Pictures stay out of the output. Return exactly the lines below from the one with "New 2025 Jeep" down to the one with "An Avant-Garde Vietnamese", both included, and nothing more.
START DATA UNDER STUDY
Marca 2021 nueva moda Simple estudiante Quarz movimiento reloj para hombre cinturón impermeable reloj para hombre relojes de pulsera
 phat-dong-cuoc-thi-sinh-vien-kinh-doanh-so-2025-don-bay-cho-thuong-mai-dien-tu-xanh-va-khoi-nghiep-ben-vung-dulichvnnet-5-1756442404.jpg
END DATA UNDER STUDY
START DATA UNDER STUDY
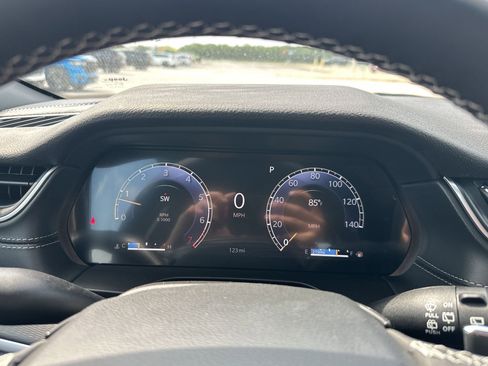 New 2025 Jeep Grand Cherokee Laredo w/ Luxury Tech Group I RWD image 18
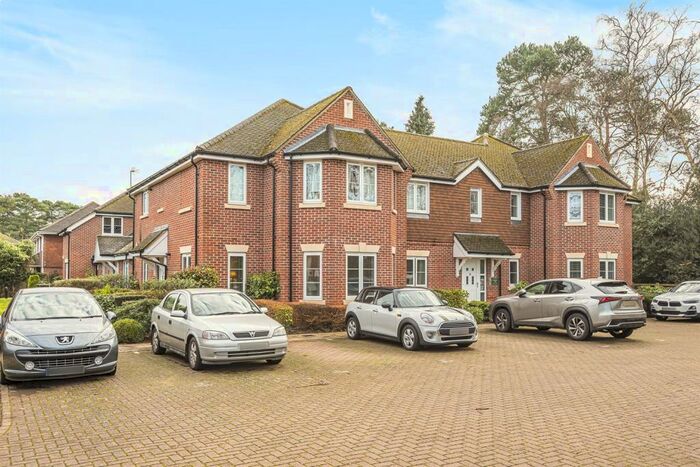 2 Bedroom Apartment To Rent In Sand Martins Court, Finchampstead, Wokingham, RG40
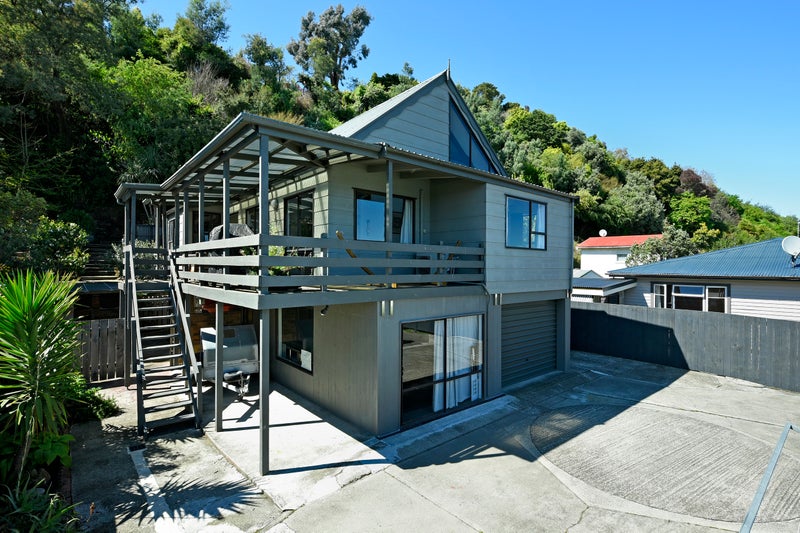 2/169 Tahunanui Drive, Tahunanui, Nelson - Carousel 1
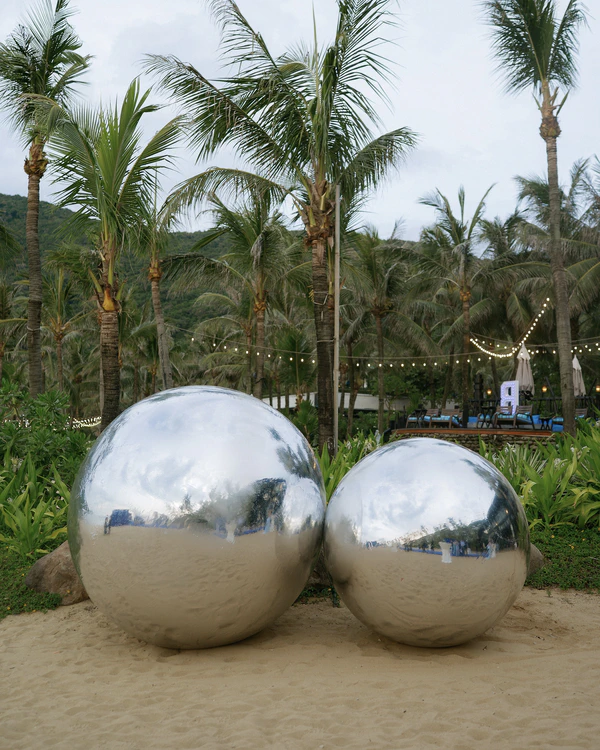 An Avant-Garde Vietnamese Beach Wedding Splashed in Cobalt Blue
END DATA UNDER STUDY
START DATA UNDER STUDY
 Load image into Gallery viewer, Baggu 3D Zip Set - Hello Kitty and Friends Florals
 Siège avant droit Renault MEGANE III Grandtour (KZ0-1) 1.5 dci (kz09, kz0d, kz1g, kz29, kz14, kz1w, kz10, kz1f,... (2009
END DATA UNDER STUDY
--- EXERCISE SOLUTION ---
 New 2025 Jeep Grand Cherokee Laredo w/ Luxury Tech Group I RWD image 18
 2 Bedroom Apartment To Rent In Sand Martins Court, Finchampstead, Wokingham, RG40
 2/169 Tahunanui Drive, Tahunanui, Nelson - Carousel 1
 An Avant-Garde Vietnamese Beach Wedding Splashed in Cobalt Blue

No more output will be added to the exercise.